[EXTRACTED INFORMATION]
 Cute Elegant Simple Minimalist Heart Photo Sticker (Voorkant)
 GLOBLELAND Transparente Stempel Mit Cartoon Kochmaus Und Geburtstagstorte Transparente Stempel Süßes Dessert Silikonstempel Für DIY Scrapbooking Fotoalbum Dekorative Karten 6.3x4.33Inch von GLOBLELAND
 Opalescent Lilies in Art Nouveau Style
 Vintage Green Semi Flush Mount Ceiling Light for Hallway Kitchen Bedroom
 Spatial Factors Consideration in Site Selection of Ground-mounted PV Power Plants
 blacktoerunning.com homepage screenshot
[/EXTRACTED INFORMATION]
[EXTRACTED INFORMATION]
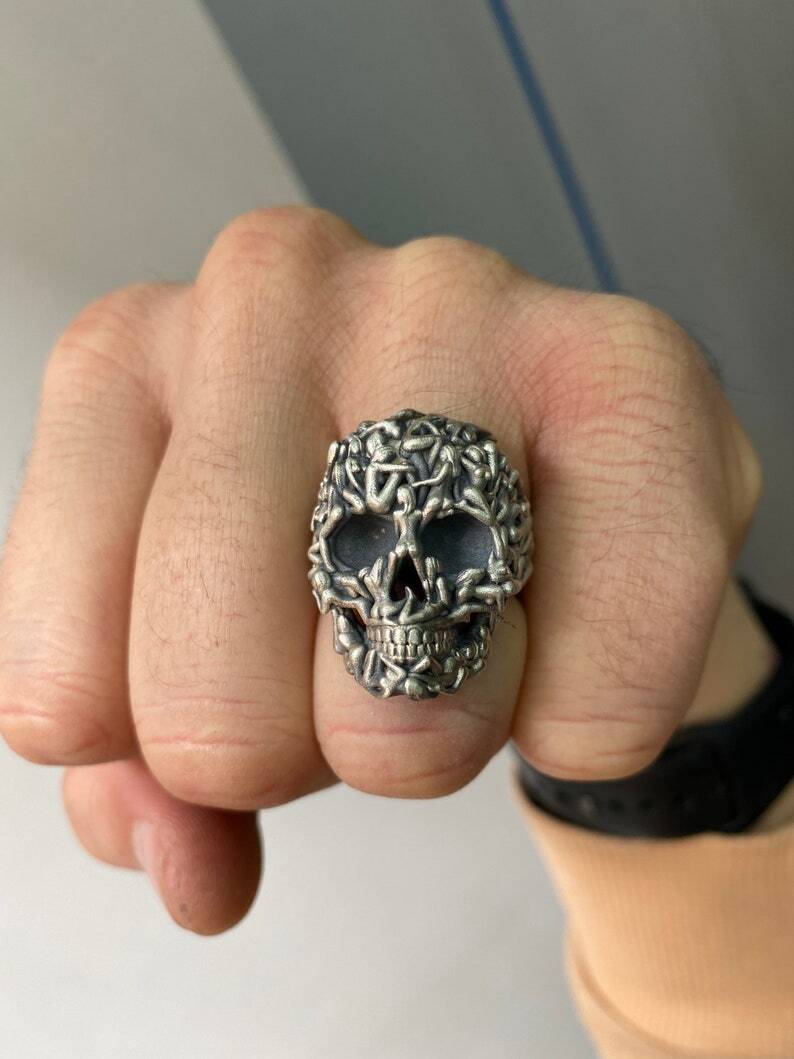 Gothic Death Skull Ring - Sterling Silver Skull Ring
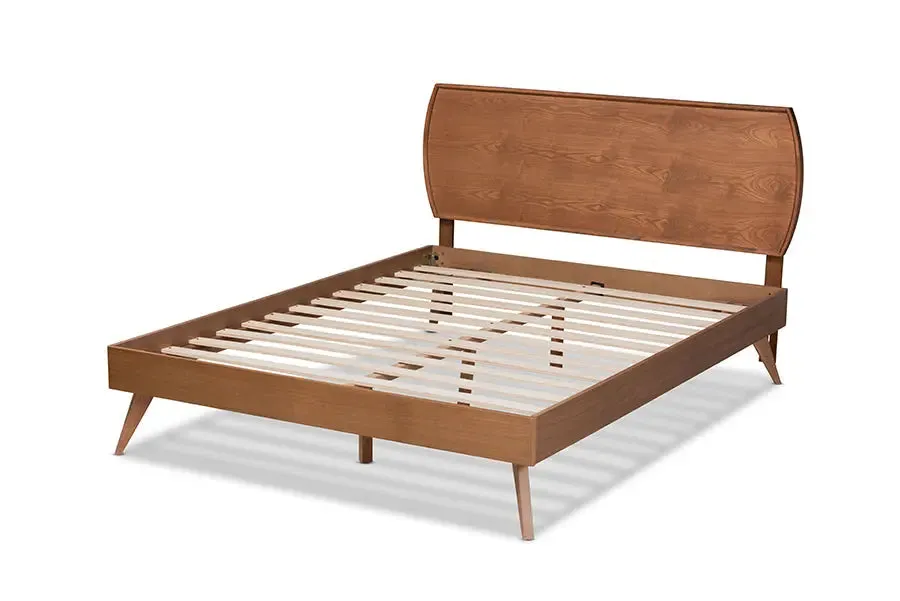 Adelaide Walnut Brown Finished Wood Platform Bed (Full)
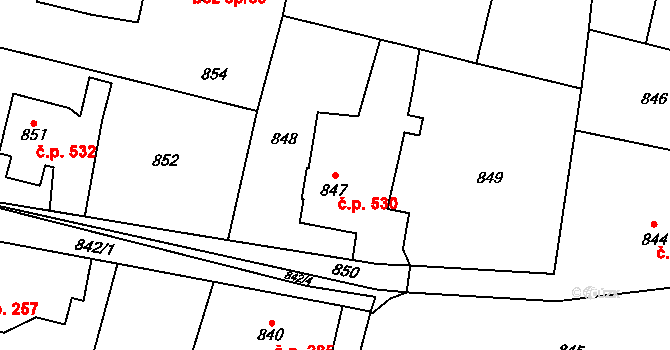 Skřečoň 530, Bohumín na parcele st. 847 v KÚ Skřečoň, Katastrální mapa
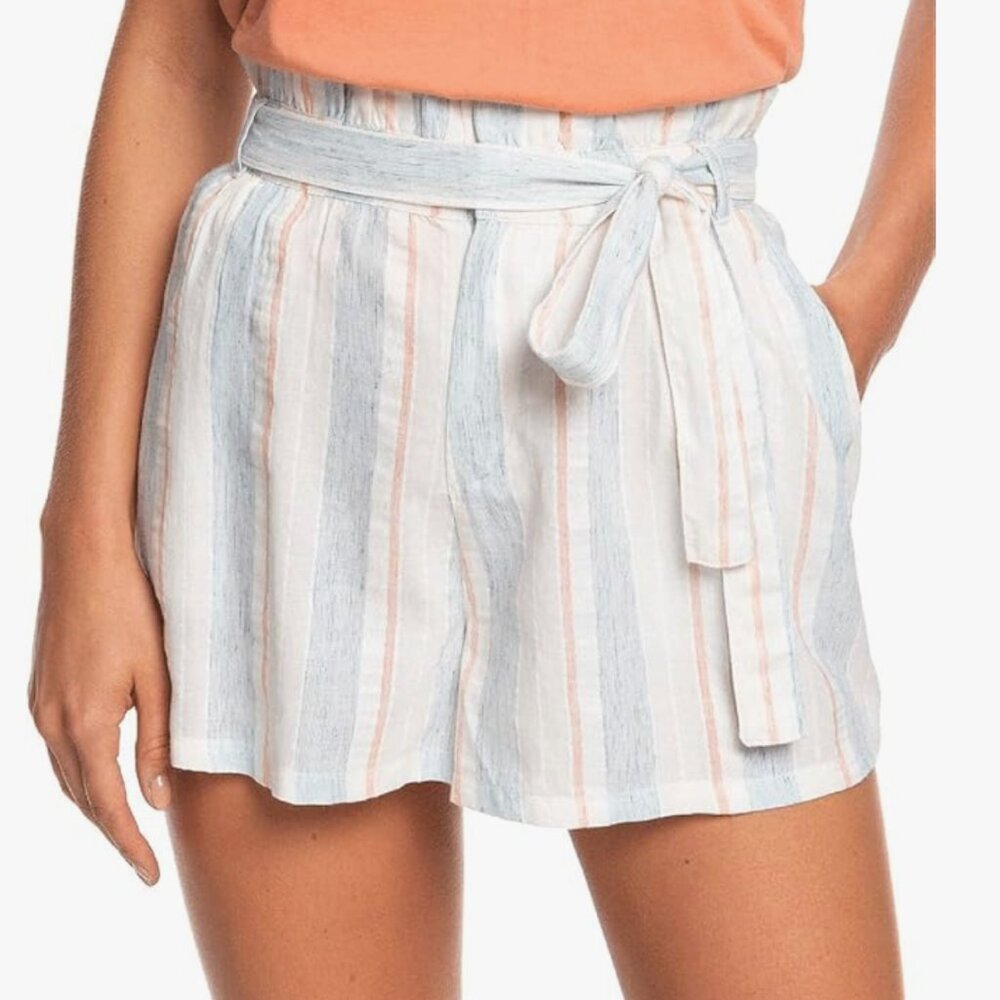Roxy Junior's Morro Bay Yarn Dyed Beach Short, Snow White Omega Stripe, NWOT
[/EXTRACTED INFORMATION]
[EXTRACTED INFORMATION]
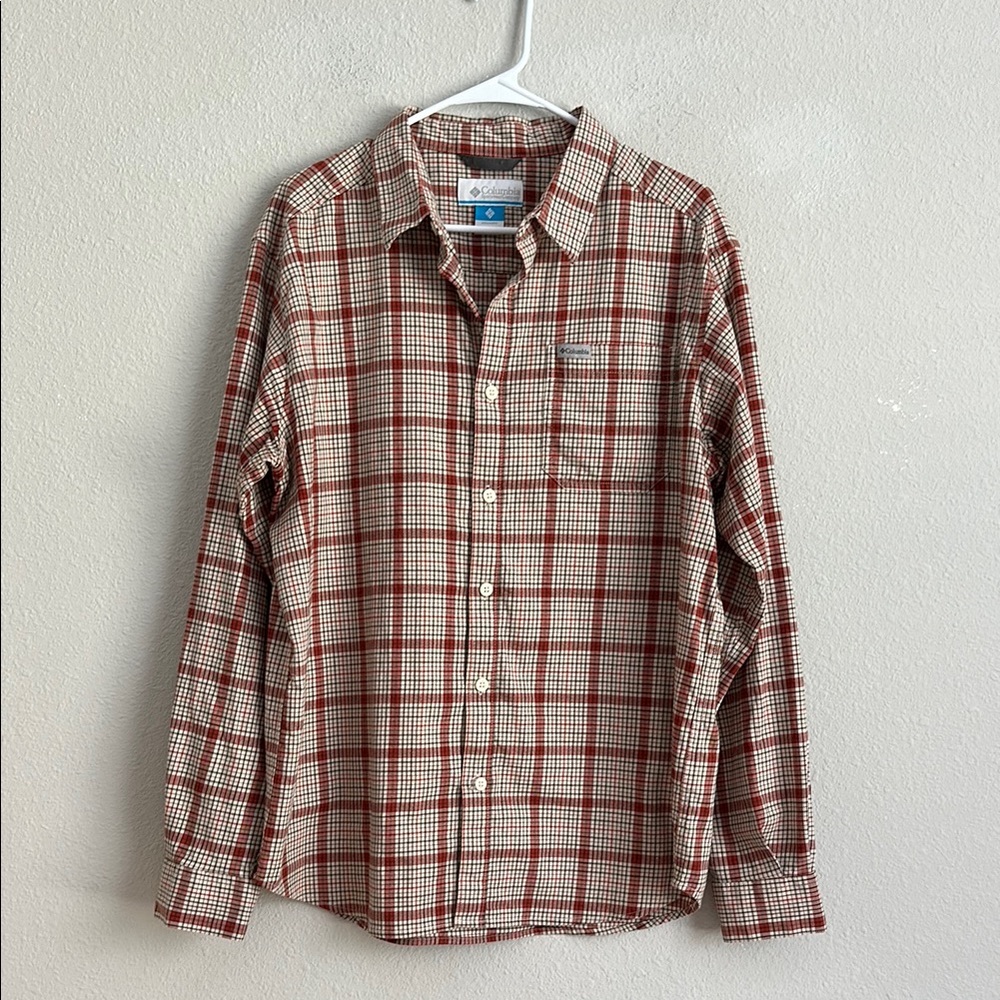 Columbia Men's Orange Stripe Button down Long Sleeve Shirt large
[/EXTRACTED INFORMATION]
WHAT YOU NEED TO DO →
The answer is the lines of the material above, from the one containing "Skřečoň 530, Bohumín" down to the one containing "Roxy Junior's Morro", given exactly and without images.

TASK RESULT →
 Skřečoň 530, Bohumín na parcele st. 847 v KÚ Skřečoň, Katastrální mapa
Roxy Junior's Morro Bay Yarn Dyed Beach Short, Snow White Omega Stripe, NWOT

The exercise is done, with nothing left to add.